従業員のパフォーマンス向上にオフィスは必要不可欠
リモートワークによって孤独や断絶を感じる従業員が増加し、心理的な活力を失っている。そうした中、従業員が気軽にコミュニケーションを取れるオフィス環境の存在価値が再評価されている。
リモートワークで心身が疲弊する従業員
JLLが実施したグローバル調査(英語版)によると、コロナ禍を受けて従業員の36%が「仕事中にエネルギーが不足している」と感じており、回答者の約4分の1が「仕事や家庭生活に疲れ、ウェルビーイングを管理できていない」と感じていることがわかった。
在宅勤務を筆頭に、最寄りのサテライトオフィス、旅行先で働くワーケーションなど、多くの人々が勤務場所や時間を分散化しており、今やオフィスだけが働く場にあらず。一方、リモートワーク主体の働き方の利便性から抜け出せず生産性の低下を危惧する企業も存在する。企業は孤立や断絶を感じている可能性がある従業員をサポートするために、オフィス出社の意義を明確にし、オフィスに出社することにやりがいを感じさせる新しい方法を見出していく必要がありそうだ。
メンタルヘルス対策が喫緊の課題に
在宅勤務は多くの従業員が仕事と生活のバランスをとるために有用だったが、仕事と生活の境界線が合間になることで長時間労働に陥る従業員も現れた。そして間断なく続くオンライン会議、同僚と気軽にコミュニケーションが取れない環境下で心身の疲弊が問題視されるようになった。

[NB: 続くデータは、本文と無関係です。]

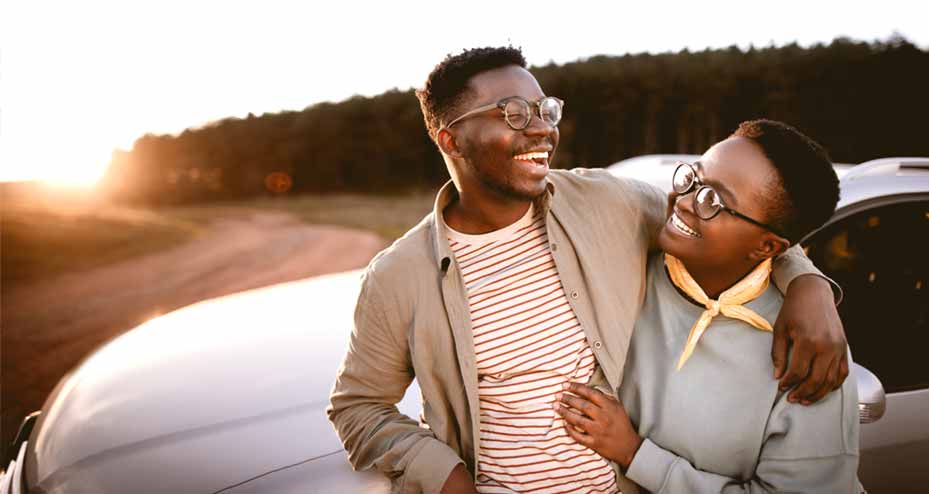 couple hugging outside of a car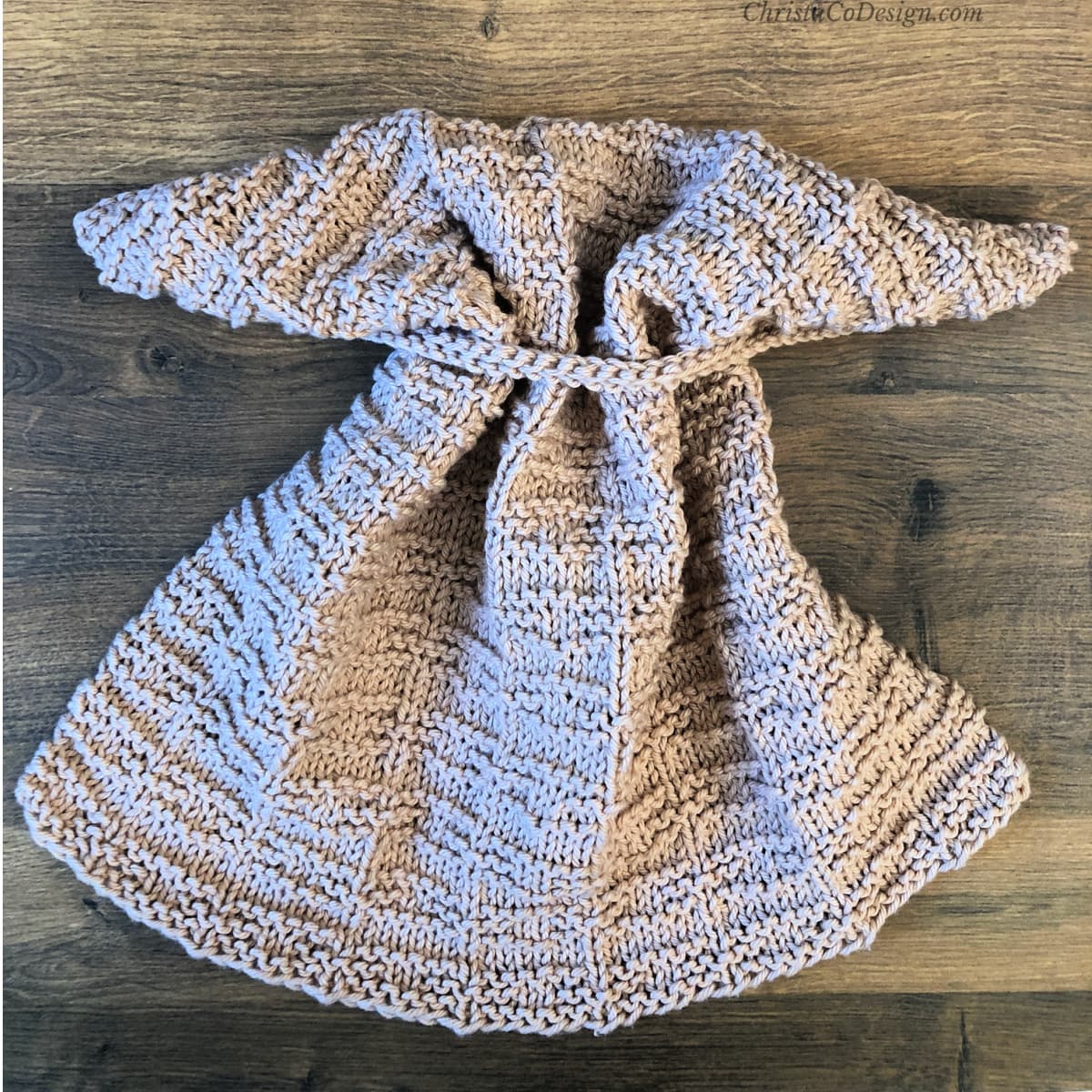 Beige knit dish towel with hanging loop threaded.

コロナ禍において、仕事に関するマッキンゼー・アンド・カンパニーの調査レポートによると、多くの従業員が仕事と生活のバランスが損なわれることを恐れているという。メンタルヘルスを最優先課題とし、企業が従業員のウェルビーイングをサポートすることに対して期待が高まっている。JLL リサーチディレクター フロール・プラデーレは「人々の優先順位と仕事に対する認識が変化し、企業は従業員との関係性において新たな課題に直面している。企業は労働力を従前とは異なる方法で管理する必要があり、従業員のためのウェルネスプログラムが不可欠。働く活力がなければ、生産性が低下し、人材の維持にも影響を与える可能性がある」と指摘する。
一般的な対策としては、従業員がリモートワークで得た「柔軟な労働時間」をより持続的な制度にするとともに、ストレス、不安、うつ病など、視認しにくいメンタルヘルスの問題に対するサポートを強化する必要がある。
例えば、グローバル展開するコンサルティング会社のEYは、スタッフとその家族に無料のセラピーセッションを提供しており、日本法人のEY Japanは従業員のウェルビーイング向上に向けたサポート施策として睡眠に関するセミナーを実施した。
また、米国のヘルス・ウェルネスアプリ開発大手のCalmは、ジムのメンバーシップ、セラピー、栄養などに費やすための手当を従業員に提供している。プラデーレは「メンタルヘルスの問題に対処するための研修は、企業と従業員の信頼関係を構築することにも役立つ。 上司の役割は、セルフケアに必要な時間を確保できると従業員が安心感を得られる環境づくりに配慮することだ」との見解を示す。
従業員に活力を与えるオフィス設計
オフィスはコミュニティを活性化し、活力レベルを高める上で重要な役割を果たしている。固定されたワークスペースよりもコラボレーションスペースを重視するオフィス設計は、ハイブリッドワーク導入でオフィスへ出社する従業員数が減っても「組織」のエネルギーを育むことができる。
高品質のディスプレイとオーディオテクノロジーを備えた会議スペースを整備することで、離れた場所にいる同僚とのコラボレーションが楽しくなる。また、テラスや屋上庭園などの屋外エリアを開放することで、従業員のウェルビーイングを大幅に向上させると同時に、壁面緑化や観葉植物を追加することでストレスを軽減することができる。
サイレントルーム、フィットネスゾーン、休憩エリアなど、従業員の活力向上にも寄与する。プラデーレは「従業員がさまざまなタスクを切り替えて、連続した会議を回避できるスペースはリフレッシュするためにも重要だ。部門の垣根を超えた従業員同士のコラボレーションを育む機会を提供する」とする。先般リニューアルが完了した資生堂グローバル本社に開設された大規模なコラボレーションスペース「イレブン」等が、その好例といえるだろう。
企業がハイブリッドワークの時代に新しいタイプのオフィスを模索する必要があるのは、企業文化の浸透、帰属意識の醸成、人材獲得の優位性といった、企業と従業員との繋がりの強化に他ならない。アフターコロナ時代において業務のデジタル化はこれまで以上に進み、物理的なオフィスはクライアントや従業員をはじめ、より多くのステークホルダーを結びつける場所としてこれまで以上に重要視されるだろう。